Is it likely the exploration companies are drilling their best oil prospects first? Do you have a good idea how the seismic data currently being gathered is being used? Is it possible the exploration companies are looking for oil in the seismic they have and then going after it? In addition, exploration to some degree seems to be concentrated around proven oil wells, insofar as that’s possible, in keeping with that old oil-patch approach, “close-ology”. That practice would seem to skew the GOR data. It stands to reason that in this atmosphere where there’s a shortage of completion services, and an abundance of drilling to hold leases, the oilier prospects would be moved to the top of the completion list. It just seems to me prudent management at the exploration companies would be directing the exploration in a fashion which would maximize their oil results/revenues at this stage of the game. Does this make sense to you?
The production figures being reported to the RRC currently aren’t very helpful, being rather spotty and dilatory (I think you’ve commented on that unfortunate state of affairs in the past). As a completely objective observer on all this, all things considered, I’d have to contend that it’s too early to tell if there’s likely to be an oil bonanza in the Eagle Ford. It seems to me important to keep in mind that what we’re dealing in here is hyperbole, and that there are huge interests at stake, and that “to be wary is to be wise.” “The only one who knows for sure is Dr. Drill,” as Daniel Yergin once reminded us. It’s the vagaries of oil and gas drilling that keep the wild in wildcatting.
When you layer Eagle Ford activity on top of an Eagle Ford isopach, you do see some indications that operators are drilling on their thick acreage first. Some of the thicker areas are the Maverick Basin, original Hawkville and some areas of the Sugarkane/Blackhawk Corridor. This would indicate operators drilling their better acreage first like you say. However, it may take some time before the operators shoot and interpret seismic and other necessary science. Small regional sweet spots will continue to be found as operators progress their programs.

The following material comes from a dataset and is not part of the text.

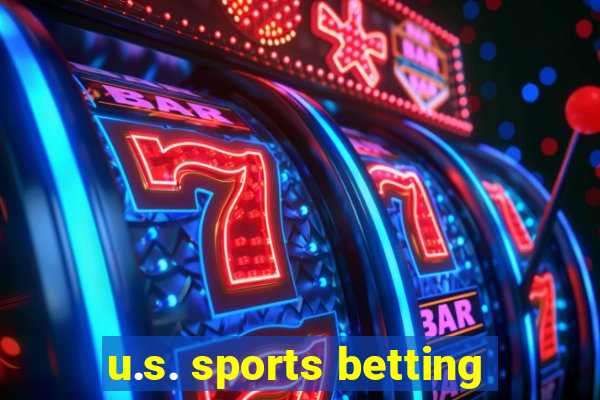 u.s. sports betting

Mr. Berman’s low Marcellus shale gas reserve estimates are not supported by the data. I had never heard of Mr. Berman (and now I know why) until he spoke at the Republic of Ithaca, NY anti natural gas program farce this past week. A simple analysis of SEC reserves reported by all public companies shows Mr. Berman’s estimates are far too low. Applying pubically known Marcellus reserves to a small fraction of the total Marcellus acres that have high organic content and depths deeper than 3000 feet easily yields reverve potential of 850 TCF and more. And this equates to only a 20% recovery of gas in place for the “sweet” spots. Also iIndustry always improves its recovery techniques and that is why we have “univeral” reserve creep over time in unconventional resources. Not sure what Mr. Berman’s motivation is other than he must have some deep need for publicity at any cost but his lack of understanding on reserves is scary. Then on top of that add the Utica reverves that may have as much gas as the Marcellus plus the four or five other shales that have been discovered through drilling the Marcellus and you easily have a 1600 TCF resource base. It’s a no-brainer. We’re now looking at far more than 100 year noncoventional gas supplies at current demand rates and rising rapidy.
Though not directly related to Berman’s analysis, the operators are reported EURs of 200 to 600 mboe in the oil window. Its a long ways from 100 mboe to the mid-point of 400.